Clearly, the environment ministry headed by minister Pickersgill was prepared to support unsustainable development. It is this kind of thinking (c.f. bauxite mining in the Cockpit Country, port facilities on the Goat Islands) that caused a breakdown in the relationship between the government and environmentalists over the past 20 years, which led to antagonism and hostility on both sides.

The JLP Manifesto also contains the following assertion about how it planned to begin their tenure as government: "Our attitude, mindset, and actions must change and in every way, reflect greater sensitivity and care for the environment which sustains us as inhabitants.

"A critical starting point is the restoration of good working relations between the Government of Jamaica and non-government organisations (NGOs). While there may be disagreements from time to time, the relationship between the Government and environmental advocates should not be characterised by antagonism and hostility" (page 31).




The JLP has proffered an olive branch, and I, for one, have accepted it in good faith. There is much to be gained by both sides from close partnership and cooperation between environmental NGOs and the Government, and we both will have to put out effort to make the relationship work.

The first major disagreement has already emerged, and how it is resolved will be an important signal for the future.

The prime minister has subsumed the environment portfolio under the Ministry of Economic Growth and Job-Creation.
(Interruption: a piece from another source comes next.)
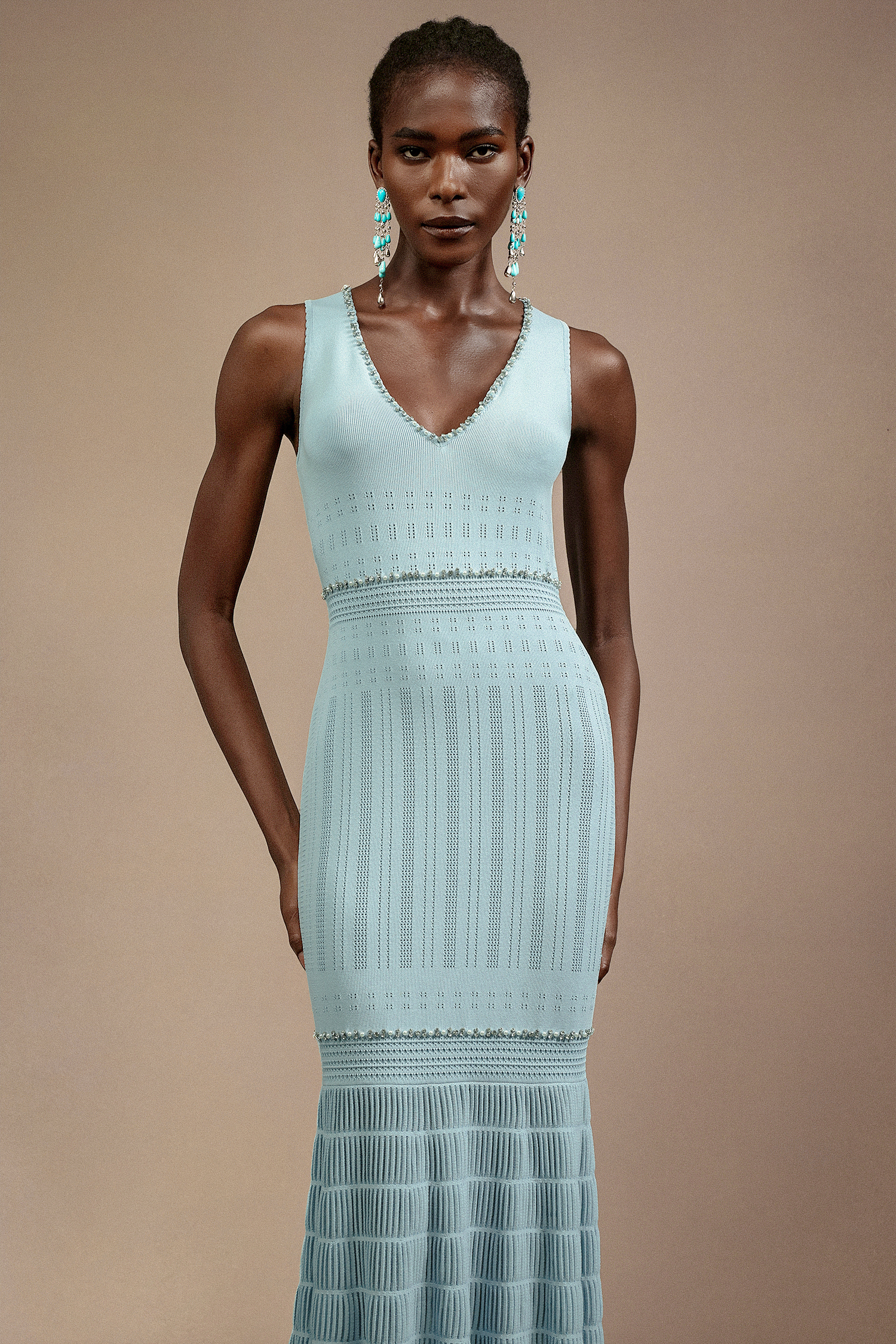 Karli Sleeveless Diamond Midi Dress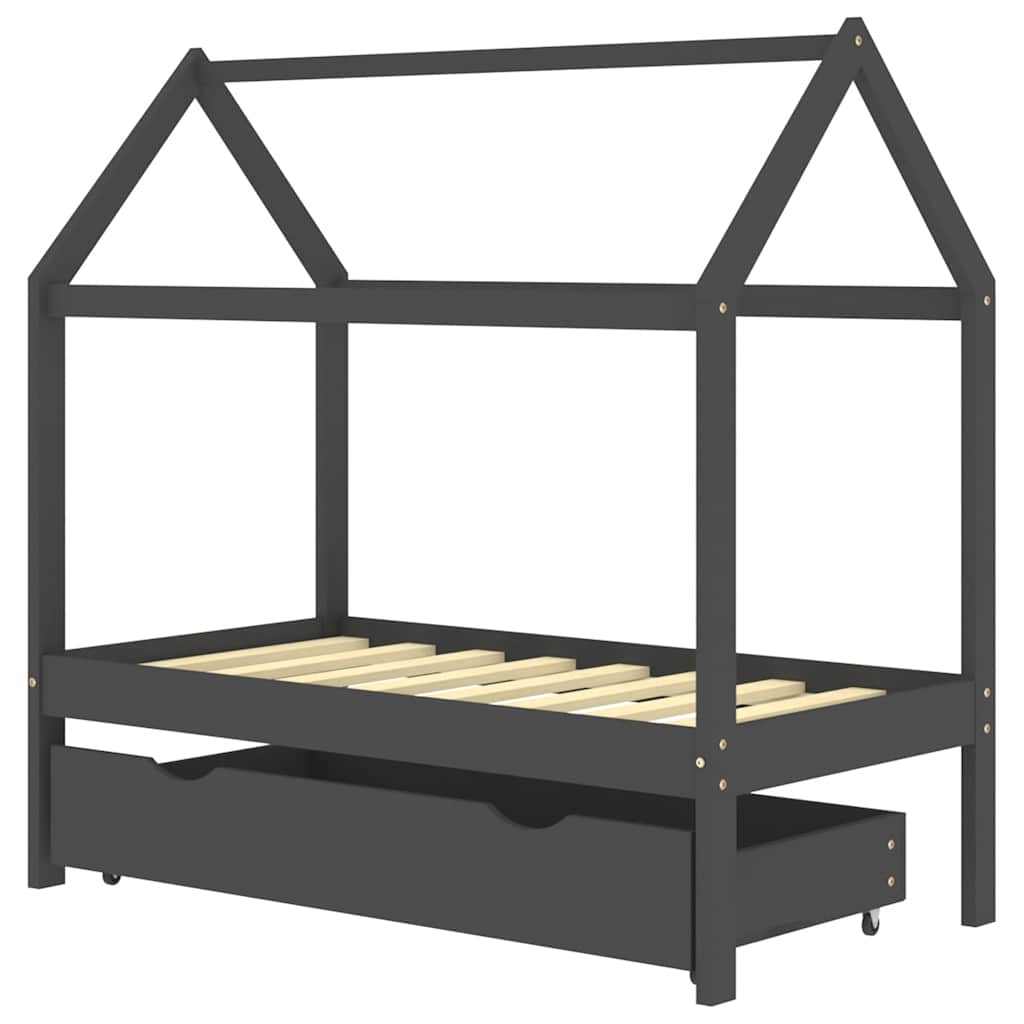 Sengeramme For Barn Med Skuff Heltre Furu 70X140 Cm Mørkegrå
This has caused disquiet among environmentalists, as there is the real possibility of a structured conflict of interest between the drive for economic growth and environmental integrity. Having a minister whose portfolio responsibility it is to bat for the environment is no guarantee of environmental protection, as we have seen over the past 20 years; but having the same minister bat for both environment and job creation is setting up a profound conflict of interest which should best be avoided.
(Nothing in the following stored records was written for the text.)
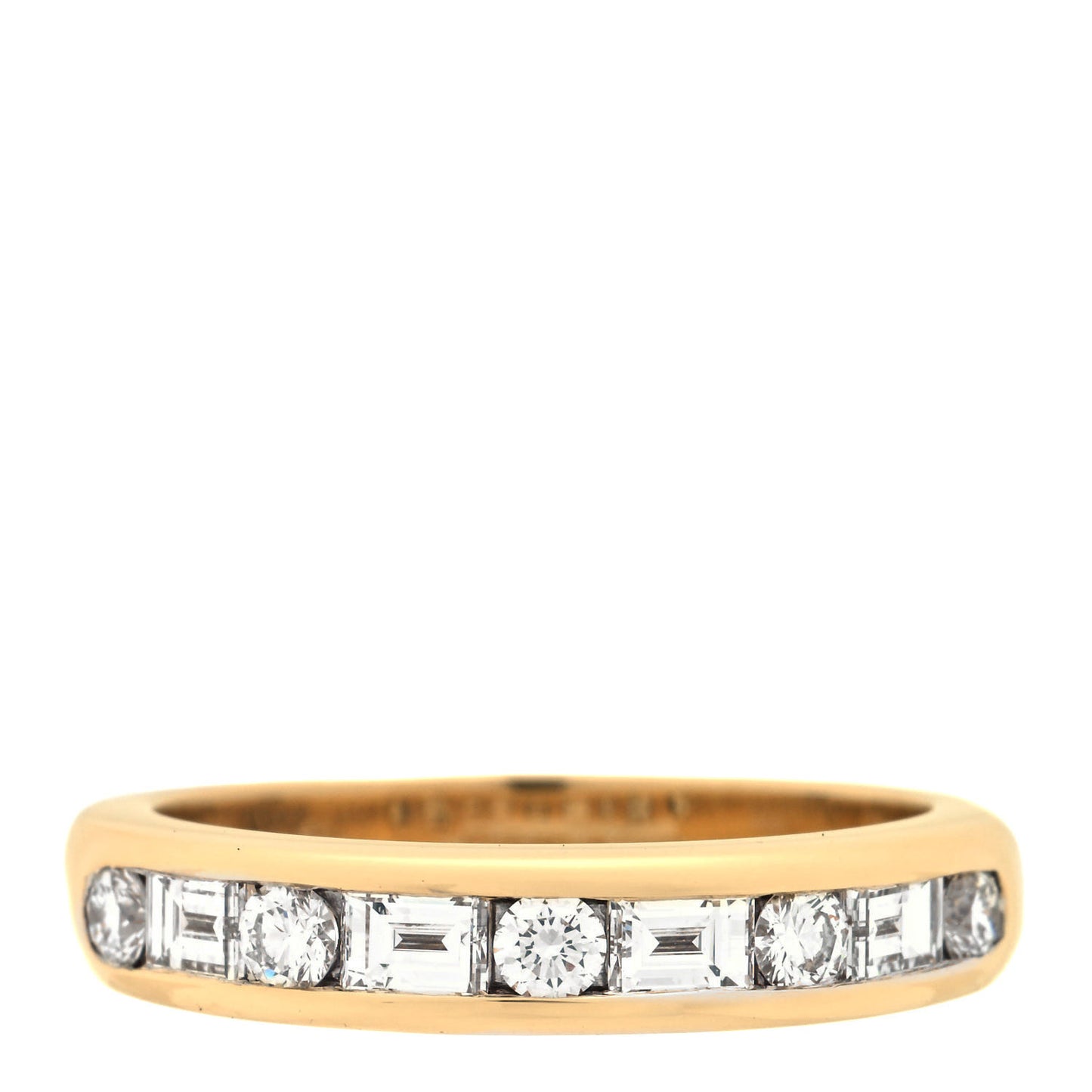 18K Yellow Gold 3mm Half Circle Channel-Set Band Ring 47 4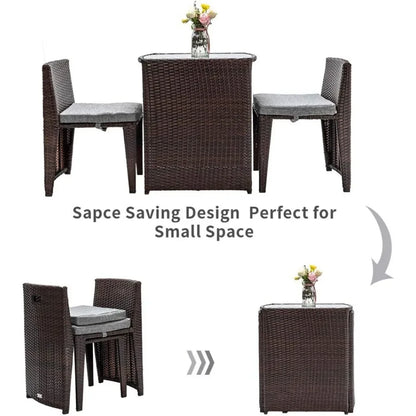 Outdoor Table, 3 PCS Wicker Outdoor Patio Set, with Glass Top Table Dining Chairs, Tables and Chairs Set of 2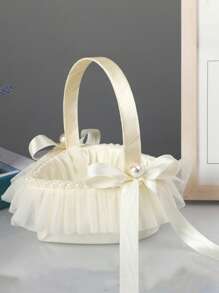 2pcs Set Western Wedding Flower Girl Flower Basket, New Style Marriage Basket For Petal Throwing Summer Birthday Gifts Beach Back To School School Supplies Room Decor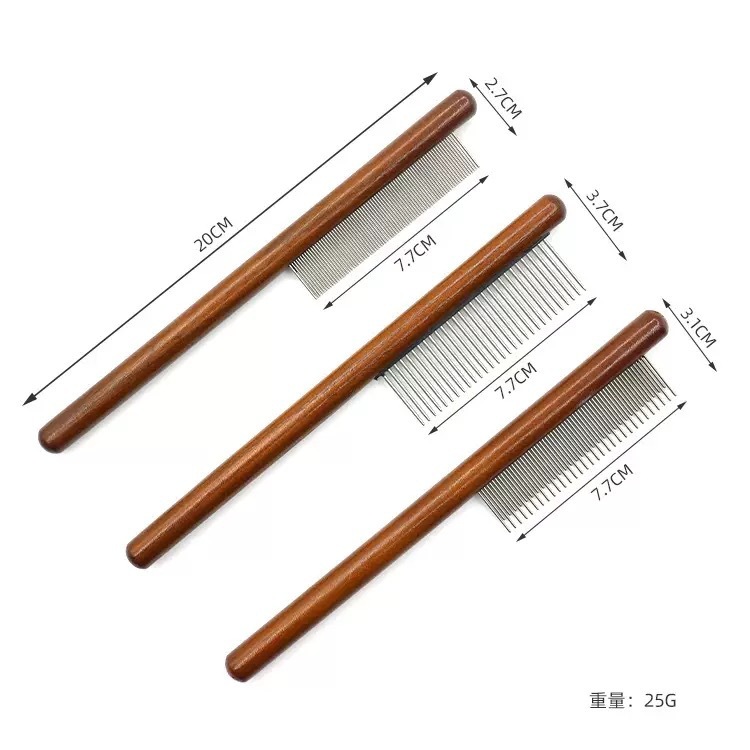 工場製木製ハンドルペット用ブラシ、細かい歯と長短の歯を持つ猫犬用ブラシ、猫犬共通の抜け毛取りブラシ|undefined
The Office of the Prime Minister (OPM) issued the following statement: "The prime minister has taken a proactive role where environmental management and climate change mitigation efforts are concerned by situating this important portfolio in his office."

We are being assured that PM Holness has assumed responsibility for the environment to ensure that it receives proper attention. To back this up, cabinet minister Dr Horace Chang is quoted in yesterday's Gleaner as saying: "The objective is to create a ministry that will drive the growth process, but also in an environmentally friendly manner, with respect for the environment".
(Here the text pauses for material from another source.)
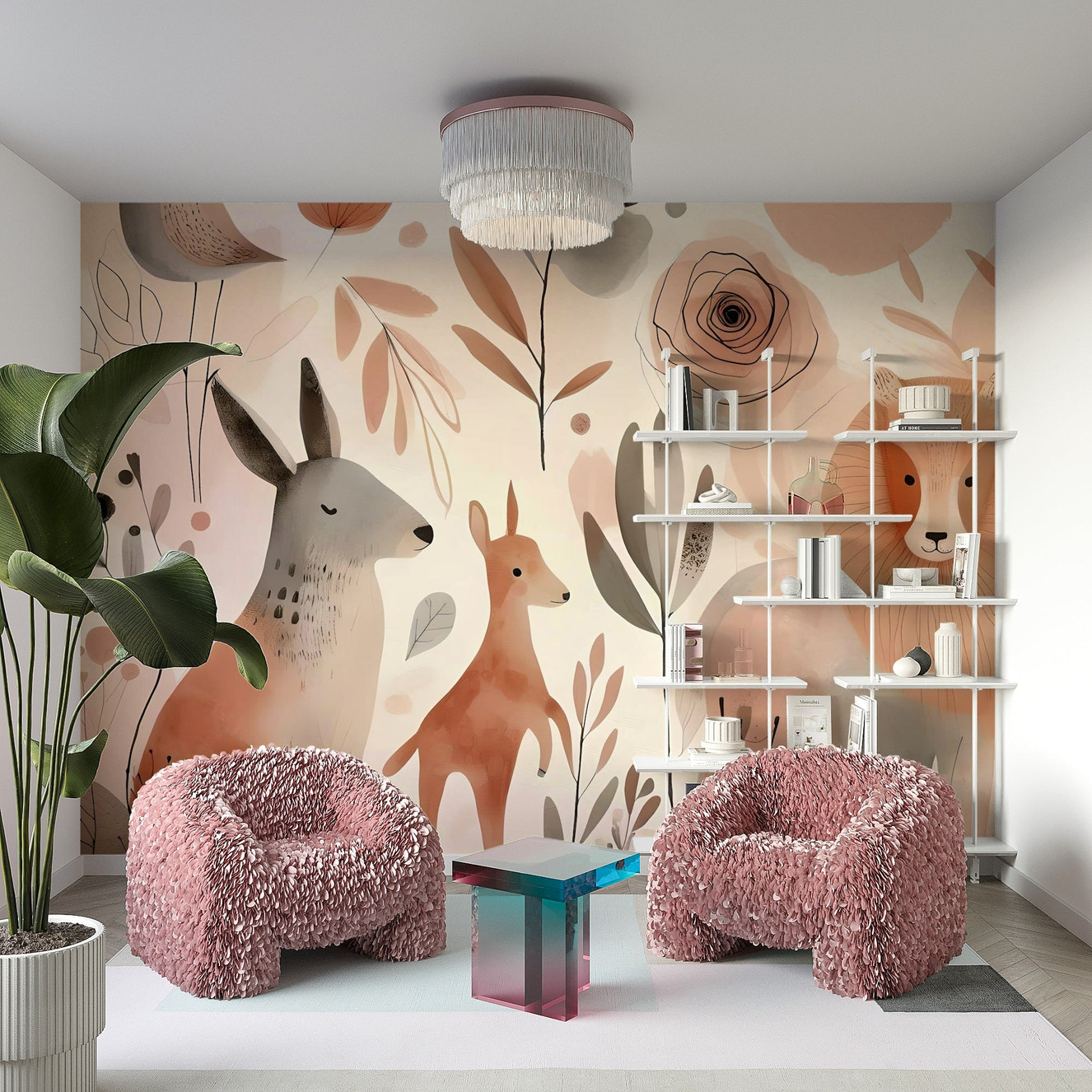 Whimsical Wild Things Wall Mural featuring playful wild animals.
Before a project can be said to promote sustainable development, an environmental impact assessment has to certify that negative impacts will be minimal. These assessments take time and add legitimate and necessary months to the processing of project applications. If the project is sufficiently damaging to the natural environment, the application may have to be rejected. And this is where distance between the environment portfolio and the job-creation portfolio is important, for obvious reasons. The temptation to approve environmentally damaging projects which provide thousands of jobs may be too great to resist. There could well be indecent haste to approve projects quickly, neglecting solid environmental due diligence.

Concerns about air and water pollution, protection of wildlife and their habitats, regulation of hunting (including fisheries), creation and management of national parks, marine parks, and protected areas all fall under the environment portfolio and are likely to be neglected in a ministry preoccupied with 'Economic Growth and Job-Creation'.

It is possible that the proposal to marry the environment with economic growth and job-creation is well-intentioned, even if ill-advised. It is not too late to create a separate Ministry of the Environment to avoid the in-built conflict of interest.

- Peter Espeut is a sociologist and natural resource manager.